We can also look at the small things, and the many occasions of gratitude that we may not have even imagined last year. It’s still the seasons, and it’s now early autumn with all its small and large changes. On August 12, 1851, Henry David Thoreau wrote. The days have been sensibly shorter; music is still possible in the evening. Thoreau was acutely aware of the Mexican War and slavery as well as the pervasive feeling of approaching crisis. He also observed each day as it passed.

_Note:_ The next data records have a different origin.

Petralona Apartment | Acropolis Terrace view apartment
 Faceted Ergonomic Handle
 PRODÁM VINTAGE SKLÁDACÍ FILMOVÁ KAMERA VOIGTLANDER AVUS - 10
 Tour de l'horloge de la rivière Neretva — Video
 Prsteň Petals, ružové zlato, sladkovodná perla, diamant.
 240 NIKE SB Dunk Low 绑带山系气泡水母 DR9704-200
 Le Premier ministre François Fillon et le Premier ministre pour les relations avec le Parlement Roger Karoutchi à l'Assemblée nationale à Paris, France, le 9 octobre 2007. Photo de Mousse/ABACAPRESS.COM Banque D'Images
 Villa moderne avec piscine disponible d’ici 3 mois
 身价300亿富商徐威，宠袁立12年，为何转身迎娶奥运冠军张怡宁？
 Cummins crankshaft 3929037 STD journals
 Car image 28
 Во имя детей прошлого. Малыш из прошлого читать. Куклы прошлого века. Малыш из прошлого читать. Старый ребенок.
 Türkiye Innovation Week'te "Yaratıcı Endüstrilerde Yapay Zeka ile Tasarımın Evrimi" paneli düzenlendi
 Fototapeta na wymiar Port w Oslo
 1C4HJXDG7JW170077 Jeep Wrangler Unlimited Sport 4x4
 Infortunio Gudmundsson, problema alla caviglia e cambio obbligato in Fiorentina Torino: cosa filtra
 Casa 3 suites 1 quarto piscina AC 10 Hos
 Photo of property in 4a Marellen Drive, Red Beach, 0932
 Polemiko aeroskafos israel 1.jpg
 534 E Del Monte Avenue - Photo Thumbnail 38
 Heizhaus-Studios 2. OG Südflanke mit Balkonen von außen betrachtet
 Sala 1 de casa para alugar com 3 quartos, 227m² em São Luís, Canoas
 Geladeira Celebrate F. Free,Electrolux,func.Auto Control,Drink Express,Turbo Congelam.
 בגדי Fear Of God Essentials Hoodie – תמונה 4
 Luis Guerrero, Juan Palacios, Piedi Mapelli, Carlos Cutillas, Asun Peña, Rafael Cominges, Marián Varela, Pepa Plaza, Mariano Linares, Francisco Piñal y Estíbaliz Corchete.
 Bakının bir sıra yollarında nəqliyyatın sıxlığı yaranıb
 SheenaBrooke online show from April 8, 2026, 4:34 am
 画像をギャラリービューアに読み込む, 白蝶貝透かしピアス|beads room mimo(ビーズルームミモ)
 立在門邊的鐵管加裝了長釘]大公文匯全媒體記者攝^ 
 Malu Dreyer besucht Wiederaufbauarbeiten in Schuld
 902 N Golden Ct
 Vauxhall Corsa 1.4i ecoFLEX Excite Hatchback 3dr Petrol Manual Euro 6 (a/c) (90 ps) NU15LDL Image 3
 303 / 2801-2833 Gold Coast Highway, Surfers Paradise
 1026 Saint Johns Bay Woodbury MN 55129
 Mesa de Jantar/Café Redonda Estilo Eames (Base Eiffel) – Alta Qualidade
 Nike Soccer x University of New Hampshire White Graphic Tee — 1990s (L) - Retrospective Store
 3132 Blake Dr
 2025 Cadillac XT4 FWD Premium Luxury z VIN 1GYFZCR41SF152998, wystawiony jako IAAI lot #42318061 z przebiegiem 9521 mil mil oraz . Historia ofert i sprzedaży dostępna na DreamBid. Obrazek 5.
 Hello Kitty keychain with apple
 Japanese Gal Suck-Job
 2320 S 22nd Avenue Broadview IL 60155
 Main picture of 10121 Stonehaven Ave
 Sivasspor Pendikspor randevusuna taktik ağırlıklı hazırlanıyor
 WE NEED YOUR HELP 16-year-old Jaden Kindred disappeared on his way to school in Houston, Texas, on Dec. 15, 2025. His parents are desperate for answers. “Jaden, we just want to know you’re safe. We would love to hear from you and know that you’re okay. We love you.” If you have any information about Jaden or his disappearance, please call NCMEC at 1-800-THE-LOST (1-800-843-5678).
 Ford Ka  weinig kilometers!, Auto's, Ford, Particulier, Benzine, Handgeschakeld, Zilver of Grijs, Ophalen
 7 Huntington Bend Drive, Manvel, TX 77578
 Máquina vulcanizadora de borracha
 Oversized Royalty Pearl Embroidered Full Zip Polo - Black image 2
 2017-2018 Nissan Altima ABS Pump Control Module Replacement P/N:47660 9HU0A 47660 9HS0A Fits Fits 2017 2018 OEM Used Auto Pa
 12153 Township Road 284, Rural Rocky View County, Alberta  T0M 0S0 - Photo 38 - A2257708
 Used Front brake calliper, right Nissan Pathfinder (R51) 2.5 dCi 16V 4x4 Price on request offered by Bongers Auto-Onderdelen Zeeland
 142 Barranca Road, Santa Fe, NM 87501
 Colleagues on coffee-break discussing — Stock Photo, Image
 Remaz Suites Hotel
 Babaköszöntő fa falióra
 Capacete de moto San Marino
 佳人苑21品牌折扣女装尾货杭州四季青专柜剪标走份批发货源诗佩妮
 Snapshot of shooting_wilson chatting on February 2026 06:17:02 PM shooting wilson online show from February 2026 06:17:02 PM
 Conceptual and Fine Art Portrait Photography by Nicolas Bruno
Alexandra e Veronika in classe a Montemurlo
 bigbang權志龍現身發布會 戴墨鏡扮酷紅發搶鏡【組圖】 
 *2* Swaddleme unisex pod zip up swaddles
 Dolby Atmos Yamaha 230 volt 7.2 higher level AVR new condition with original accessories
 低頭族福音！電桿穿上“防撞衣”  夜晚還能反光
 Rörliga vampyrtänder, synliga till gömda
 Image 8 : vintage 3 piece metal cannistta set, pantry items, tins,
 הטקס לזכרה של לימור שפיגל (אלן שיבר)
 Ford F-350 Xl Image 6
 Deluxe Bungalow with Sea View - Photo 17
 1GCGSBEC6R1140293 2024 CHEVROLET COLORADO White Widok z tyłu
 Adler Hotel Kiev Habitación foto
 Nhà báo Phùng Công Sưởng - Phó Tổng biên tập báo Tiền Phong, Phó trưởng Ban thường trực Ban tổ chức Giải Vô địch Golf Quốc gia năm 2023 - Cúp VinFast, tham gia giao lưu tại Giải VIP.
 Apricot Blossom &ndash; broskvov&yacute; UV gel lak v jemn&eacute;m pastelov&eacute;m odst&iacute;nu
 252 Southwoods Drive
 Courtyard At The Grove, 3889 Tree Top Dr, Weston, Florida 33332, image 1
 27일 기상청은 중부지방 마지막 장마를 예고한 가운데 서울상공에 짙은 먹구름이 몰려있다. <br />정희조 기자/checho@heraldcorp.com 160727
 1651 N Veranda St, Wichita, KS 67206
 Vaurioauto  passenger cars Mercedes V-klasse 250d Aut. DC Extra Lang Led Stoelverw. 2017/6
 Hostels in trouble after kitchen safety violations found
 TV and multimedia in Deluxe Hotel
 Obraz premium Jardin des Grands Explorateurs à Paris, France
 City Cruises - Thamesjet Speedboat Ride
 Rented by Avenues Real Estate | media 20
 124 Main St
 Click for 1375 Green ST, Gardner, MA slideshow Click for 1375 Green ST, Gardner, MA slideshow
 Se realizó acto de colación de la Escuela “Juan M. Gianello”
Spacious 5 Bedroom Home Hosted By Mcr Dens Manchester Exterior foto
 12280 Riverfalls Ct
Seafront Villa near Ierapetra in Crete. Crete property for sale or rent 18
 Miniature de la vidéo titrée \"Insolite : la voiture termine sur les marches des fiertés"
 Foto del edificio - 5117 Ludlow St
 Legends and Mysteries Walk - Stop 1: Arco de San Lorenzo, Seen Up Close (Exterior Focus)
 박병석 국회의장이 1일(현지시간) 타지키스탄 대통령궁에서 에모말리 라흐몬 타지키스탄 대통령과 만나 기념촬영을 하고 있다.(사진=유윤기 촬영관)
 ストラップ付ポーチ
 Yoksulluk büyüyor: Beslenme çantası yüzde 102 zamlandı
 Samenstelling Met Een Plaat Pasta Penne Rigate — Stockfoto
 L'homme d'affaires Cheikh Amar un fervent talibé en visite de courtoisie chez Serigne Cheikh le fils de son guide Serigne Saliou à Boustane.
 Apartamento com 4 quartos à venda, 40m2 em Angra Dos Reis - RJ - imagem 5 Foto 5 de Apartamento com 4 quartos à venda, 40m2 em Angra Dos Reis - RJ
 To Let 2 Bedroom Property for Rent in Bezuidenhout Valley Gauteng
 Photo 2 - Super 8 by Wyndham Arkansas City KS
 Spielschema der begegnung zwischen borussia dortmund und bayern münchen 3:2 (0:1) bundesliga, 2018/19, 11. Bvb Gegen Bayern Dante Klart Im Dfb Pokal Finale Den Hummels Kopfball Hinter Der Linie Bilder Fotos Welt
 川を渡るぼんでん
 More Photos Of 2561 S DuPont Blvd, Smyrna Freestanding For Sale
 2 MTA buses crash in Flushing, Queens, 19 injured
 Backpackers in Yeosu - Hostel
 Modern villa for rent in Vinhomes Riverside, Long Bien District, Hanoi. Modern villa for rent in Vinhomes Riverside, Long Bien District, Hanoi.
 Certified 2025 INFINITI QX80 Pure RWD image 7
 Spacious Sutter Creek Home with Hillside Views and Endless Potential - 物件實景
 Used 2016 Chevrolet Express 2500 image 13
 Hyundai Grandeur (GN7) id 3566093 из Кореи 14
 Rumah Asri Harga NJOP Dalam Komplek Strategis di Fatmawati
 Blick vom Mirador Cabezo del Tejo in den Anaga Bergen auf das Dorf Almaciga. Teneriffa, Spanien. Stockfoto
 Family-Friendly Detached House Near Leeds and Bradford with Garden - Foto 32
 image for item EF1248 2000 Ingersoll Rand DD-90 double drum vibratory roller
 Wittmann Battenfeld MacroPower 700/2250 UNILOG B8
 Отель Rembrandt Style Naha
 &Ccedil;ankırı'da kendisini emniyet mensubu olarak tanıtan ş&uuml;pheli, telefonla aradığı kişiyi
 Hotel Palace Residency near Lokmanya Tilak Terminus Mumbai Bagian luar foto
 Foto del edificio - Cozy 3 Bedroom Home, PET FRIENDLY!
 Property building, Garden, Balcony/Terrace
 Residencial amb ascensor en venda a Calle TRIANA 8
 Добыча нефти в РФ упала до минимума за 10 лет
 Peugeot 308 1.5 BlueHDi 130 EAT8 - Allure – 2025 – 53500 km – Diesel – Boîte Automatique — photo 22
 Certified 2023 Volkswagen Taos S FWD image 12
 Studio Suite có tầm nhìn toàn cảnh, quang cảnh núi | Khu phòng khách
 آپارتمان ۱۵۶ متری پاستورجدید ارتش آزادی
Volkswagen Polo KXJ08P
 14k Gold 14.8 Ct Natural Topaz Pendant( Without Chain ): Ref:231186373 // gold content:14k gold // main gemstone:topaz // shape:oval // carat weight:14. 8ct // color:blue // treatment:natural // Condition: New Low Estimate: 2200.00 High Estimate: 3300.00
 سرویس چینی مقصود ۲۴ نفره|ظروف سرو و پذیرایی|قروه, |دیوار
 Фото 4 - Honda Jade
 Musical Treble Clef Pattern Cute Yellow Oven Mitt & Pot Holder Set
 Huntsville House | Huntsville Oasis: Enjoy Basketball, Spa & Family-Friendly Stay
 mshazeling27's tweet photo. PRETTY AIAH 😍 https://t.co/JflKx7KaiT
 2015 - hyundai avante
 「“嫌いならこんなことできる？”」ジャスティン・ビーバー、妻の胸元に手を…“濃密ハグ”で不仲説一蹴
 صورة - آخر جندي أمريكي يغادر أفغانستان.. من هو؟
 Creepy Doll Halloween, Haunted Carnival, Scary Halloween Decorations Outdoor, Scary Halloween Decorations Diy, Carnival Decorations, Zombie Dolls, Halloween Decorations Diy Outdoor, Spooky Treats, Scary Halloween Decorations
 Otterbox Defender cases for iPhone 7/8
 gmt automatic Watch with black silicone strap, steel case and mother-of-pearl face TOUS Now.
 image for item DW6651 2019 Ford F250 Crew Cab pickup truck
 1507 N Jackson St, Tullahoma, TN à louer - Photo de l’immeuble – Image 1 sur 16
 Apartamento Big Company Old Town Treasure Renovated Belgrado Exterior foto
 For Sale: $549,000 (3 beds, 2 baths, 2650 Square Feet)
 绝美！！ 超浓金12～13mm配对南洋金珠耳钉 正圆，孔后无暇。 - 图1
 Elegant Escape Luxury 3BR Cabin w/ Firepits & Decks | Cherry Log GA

George Seferis, a Nobel laureate and Greek poet, wrote a lengthy poetic sequence called Mythistorema that recounts the timeless version of The Odyssey. My favourite line We put the sea again with our broken boats.
Safe is was writing in 1935 and it meant one thing to him and his generations of readers. It means something else to me now in 2021 to me and my students. Lauren Artres, the Reverend Lauren Artres 1995 study on the labyrinth in spiritual practice” wrote that “everyone has a different experience because we each bring different raw material to it.”
The Age of Iron. Cave dwellers resist the terrifying sunlight. The human heart that endures. The difficulties that await you even after Odysseus has landed on Your Ithaca. Broken oars. The vitality of hope. It’s a blessing to have the opportunity to continue teaching literature, whether it be in person or remotely. Recall Coleridge’s sad formulation. Work with hope. Hope with an object.